## What needs to be done:
Transcribe every entry word for word, but drop the pictures.

## Dataset excerpts:
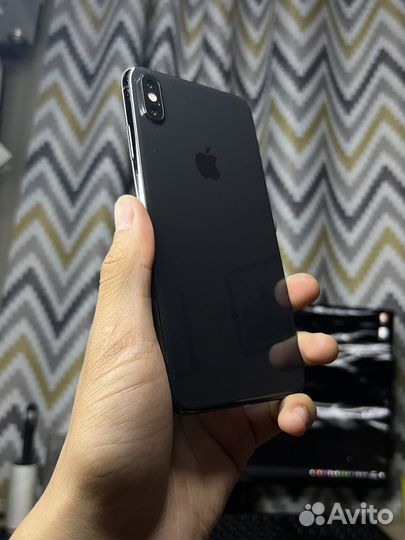 iPhone Xs Max, 64 ГБ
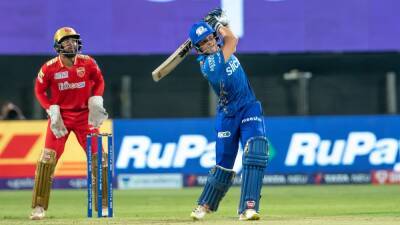 Dewald Brevis - IPL 2022: Dewald Brevis' 4 Consecutive Sixes vs Punjab Kings Breaks The Internet - sports.ndtv.com - India - county Kings
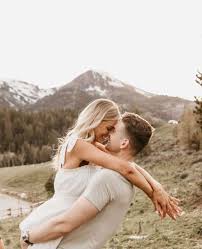 Relaxed and Sweet Spring Engagement Session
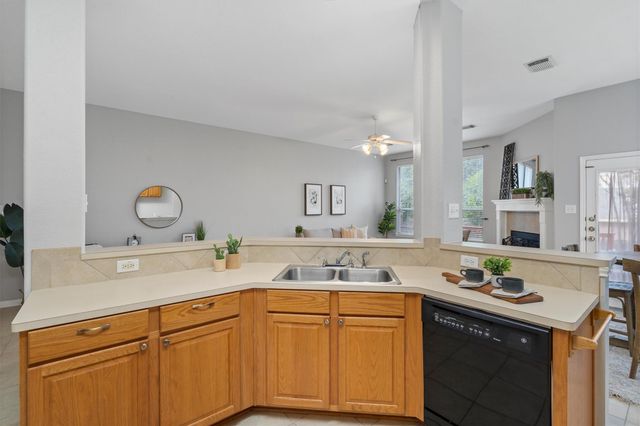 1636 Maize Bend DR, Austin, TX 78727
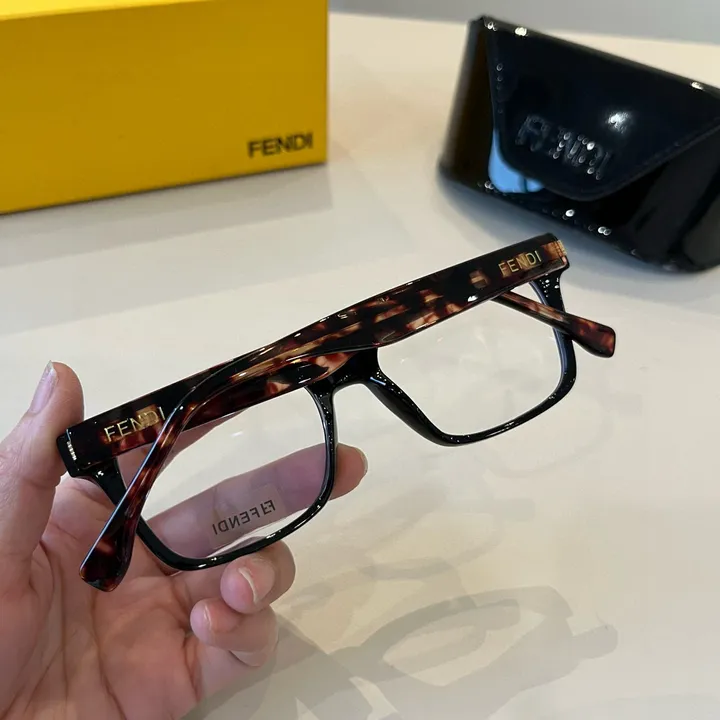 スーパーコピー フェンディ サングラス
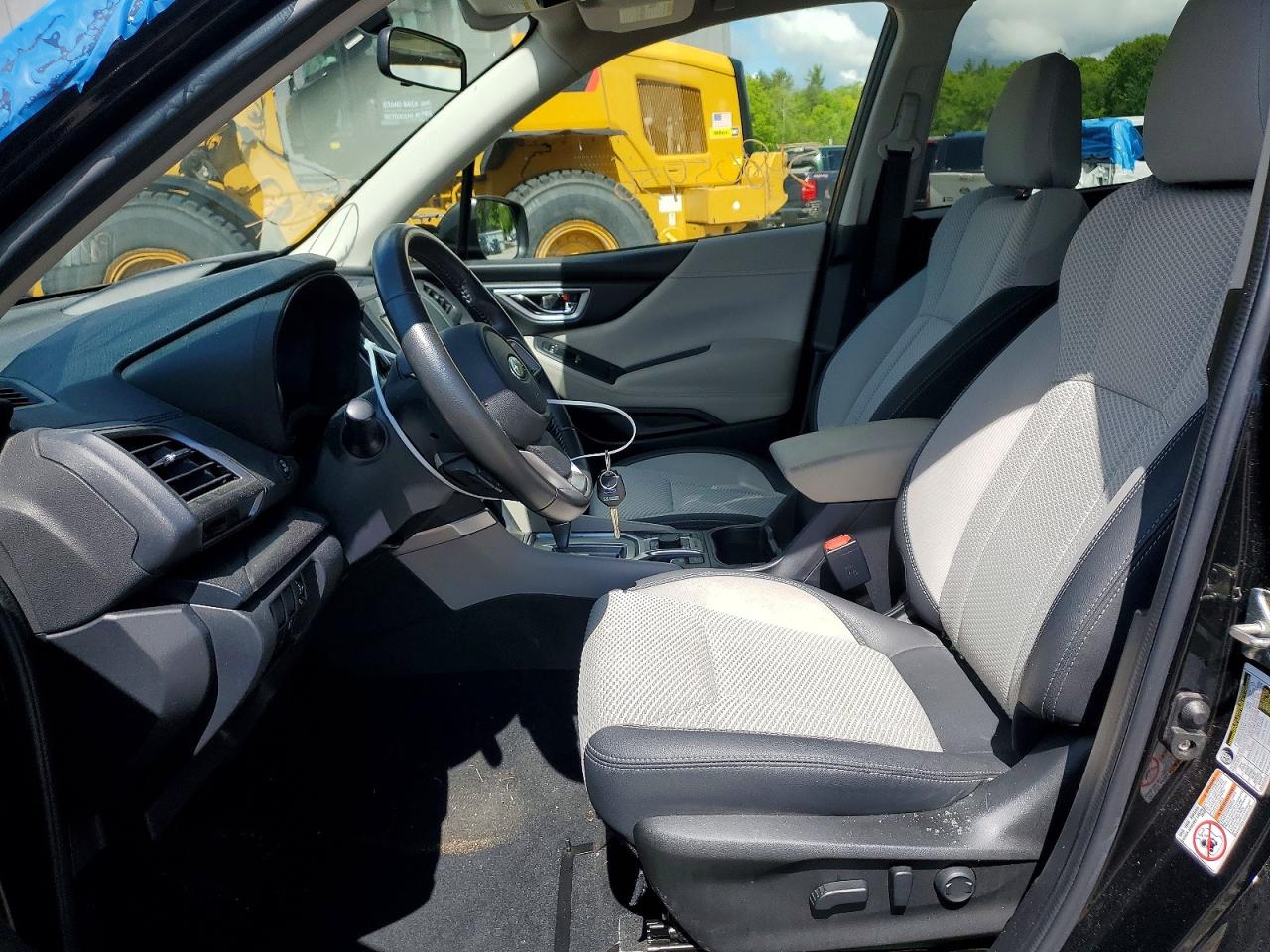 2019 SUBARU FORESTER PREMIUM photo 13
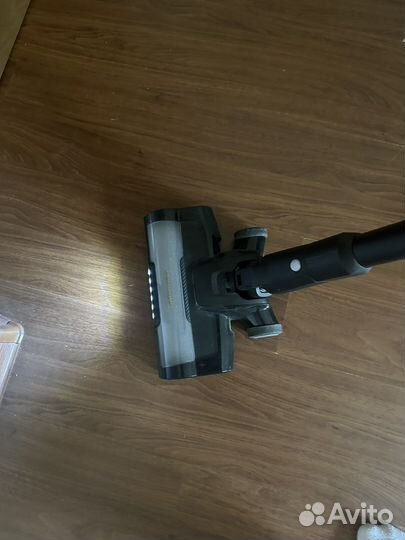 Беспроводной Пылесос redmond вертикальный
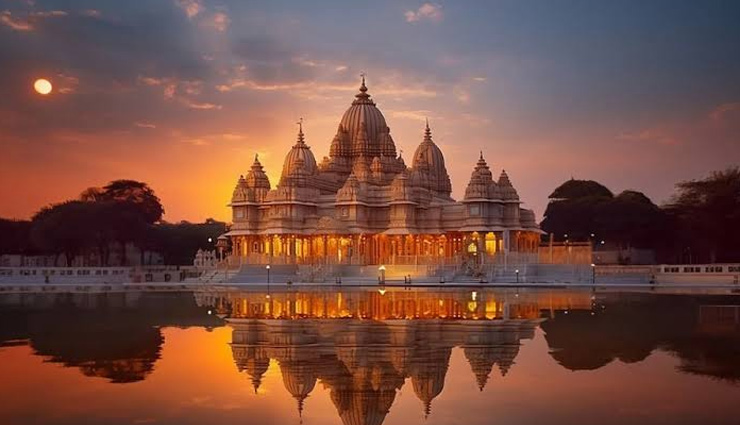 ayodhya tourist places,places to visit in ayodhya,top attractions ayodhya,ram janmabhoomi temple,ayodhya pilgrimage,ayodhya sightseeing,hanuman garhi,saryu river ayodhya,ayodhya temples,spiritual places in ayodhya.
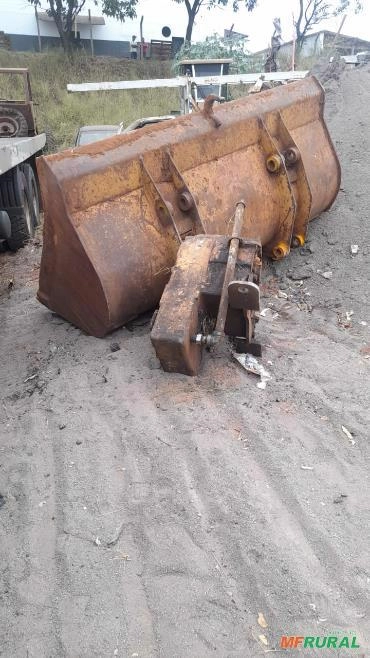 CAÇAMBA ORIGINAL DA PÁ CARREGADEIRA CASE MODELO W20B Imagem CAÇAMBA ORIGINAL DA PÁ CARREGADEIRA CASE MODELO W20B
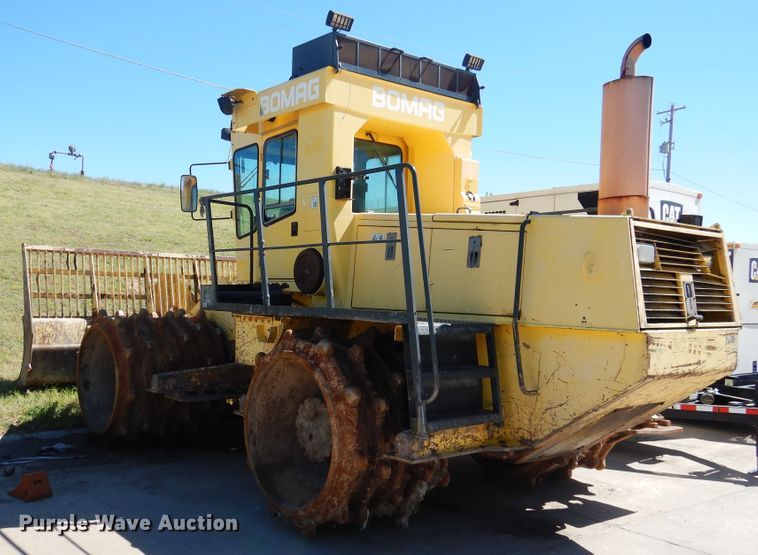 image for item HV9176 2001 Bomag BC771RB  landfill compactor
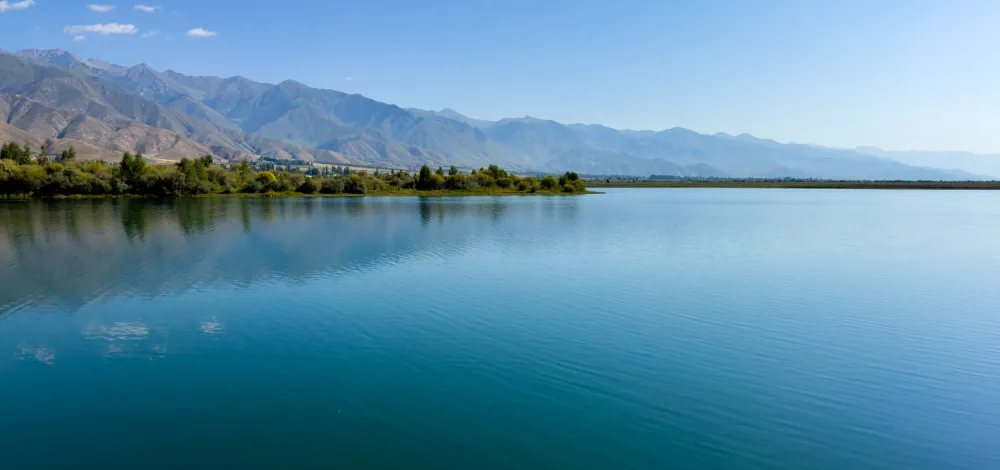 The lake in the morning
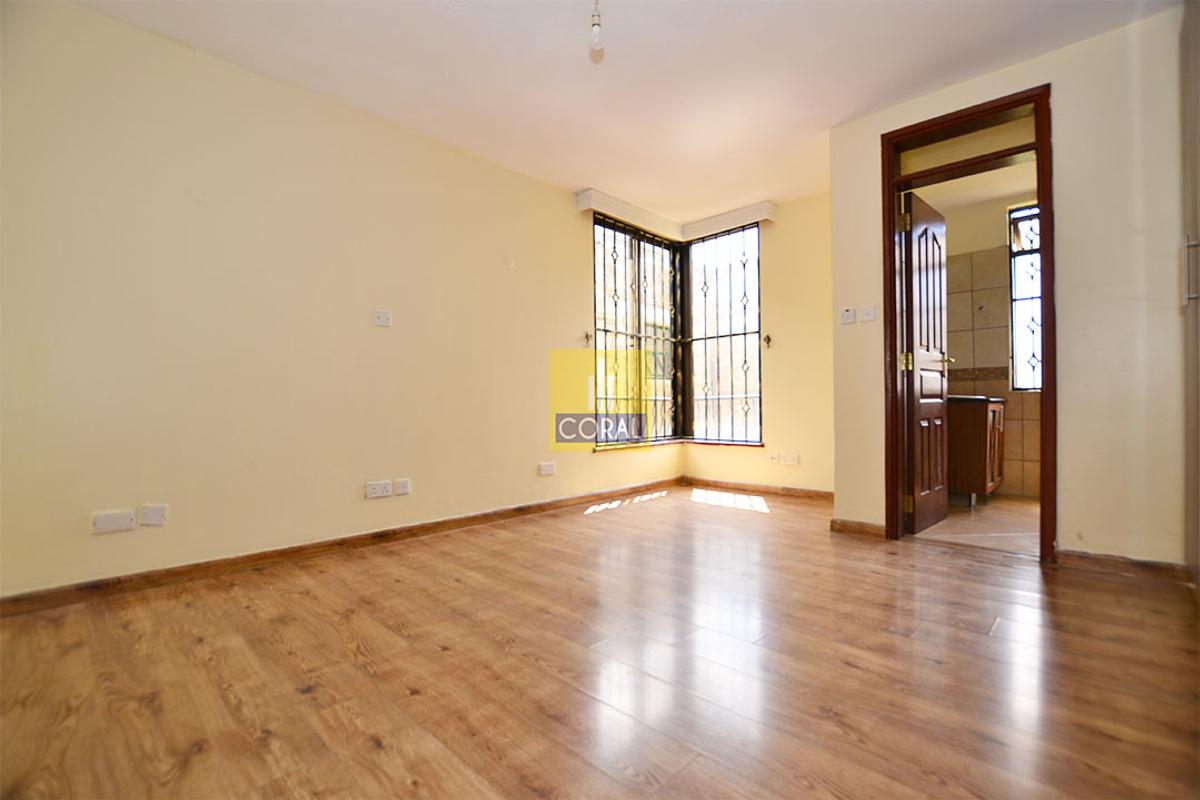 3 Bed Apartment with Lift in Kilimani - 14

## Reply:
 iPhone Xs Max, 64 ГБ
 Dewald Brevis - IPL 2022: Dewald Brevis' 4 Consecutive Sixes vs Punjab Kings Breaks The Internet - sports.ndtv.com - India - county Kings
 Relaxed and Sweet Spring Engagement Session
 1636 Maize Bend DR, Austin, TX 78727
 スーパーコピー フェンディ サングラス
 2019 SUBARU FORESTER PREMIUM photo 13
 Беспроводной Пылесос redmond вертикальный
 ayodhya tourist places,places to visit in ayodhya,top attractions ayodhya,ram janmabhoomi temple,ayodhya pilgrimage,ayodhya sightseeing,hanuman garhi,saryu river ayodhya,ayodhya temples,spiritual places in ayodhya.
 CAÇAMBA ORIGINAL DA PÁ CARREGADEIRA CASE MODELO W20B Imagem CAÇAMBA ORIGINAL DA PÁ CARREGADEIRA CASE MODELO W20B
 image for item HV9176 2001 Bomag BC771RB  landfill compactor
 The lake in the morning
 3 Bed Apartment with Lift in Kilimani - 14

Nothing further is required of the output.